Orateur
Description
Understanding how nuclear structure emerges from the nucleon-nucleon interaction and how it evolves going far from the valley of stability has become one of the main quests of contemporary nuclear physic. High-resolution colinear laser spectroscopy has long been established as a very powerful tool to study ground-state nuclear properties, providing a nuclear model-independent access to the nuclear ground-state spin, changes in mean square charge radii, magnetic dipole, and electric quadrupole moments. It is used at several radioactive beam facilities all over the world and gives insight into many aspects of nuclear structure and provide crucial input for the development of nuclear theories.
At the ISOLDE facility of CERN, the Collinear Resonance Ionization Spectroscopy (CRIS) laser spectroscopy experiment has undertaken several experimental campaigns aiming at the study of nuclear structure evolution around 100Sn, 78Ni and the N=20 and 40 island of inversions. The neutron rich Cr isotopes, located between the magical Ca and Ni, display the highest level of deformation and collectivity of the region. 64Cr is understood to be at the center of the N=40 island of inversion and the study of Cr ground state property from the stability to the N=40 IoI allows to get a comprehensive picture of the evolution from spherical and single particle behavior to deformed and collective structures.

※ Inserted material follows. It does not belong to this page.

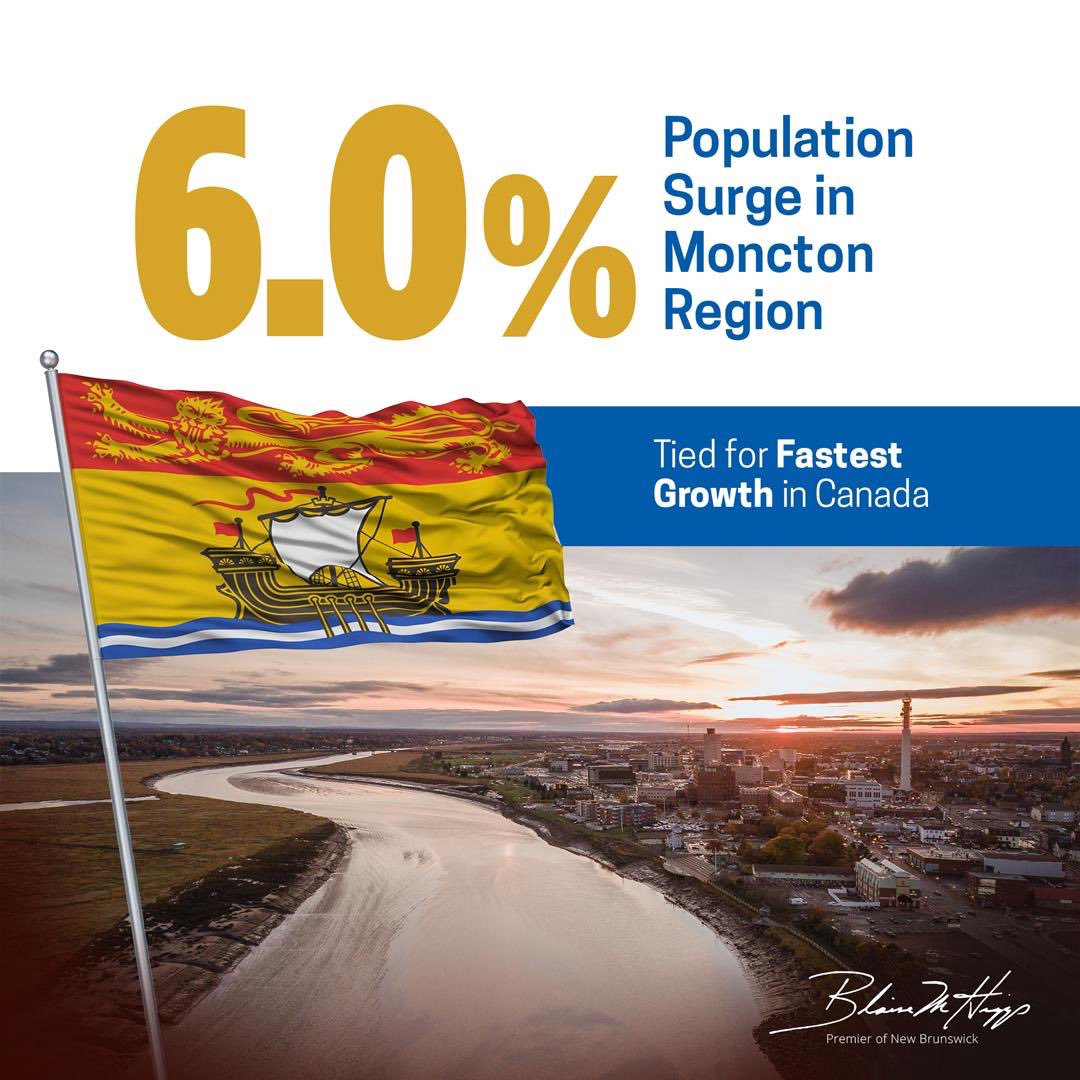 Remember the days when New Brunswick’s population was stagnant, even dropping at times, and our young people were leaving? Well not anymore. StatsCan shows the Moncton region just grew by 6.0%. That ties for the fastest growing region in Canada. Not only that, it’s also the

In the past decade, the GANIL facility has undergone a major upgrade with the development of a new radioactive ion beam facility SPIRAL2-S3 and a new low-energy experimental hall DESIR. The SPIRAL2 facility, coupled to the S3 recoil separator, will enhance the study of exotic nuclei by producing intense beams of rare radioactive isotopes. The DESIR facility, now under construction, will host several experimental setups, among which a new versatile high-resolution laser spectroscopy setup: LAser Spectroscopy At GaNil (LASAGN). Such setup combined to the many beam preparation and purification devices of DESIR will offer unique opportunities for nuclear structure studies.
In this talk, laser spectroscopy as a tool for nuclear structure studies will be introduced. Recent results on chromium moments from the CRIS experiment at ISOLDE/CERN will be shown. Finally ongoing laser spectroscopy projects and future plans at the DESIR facility will be presented.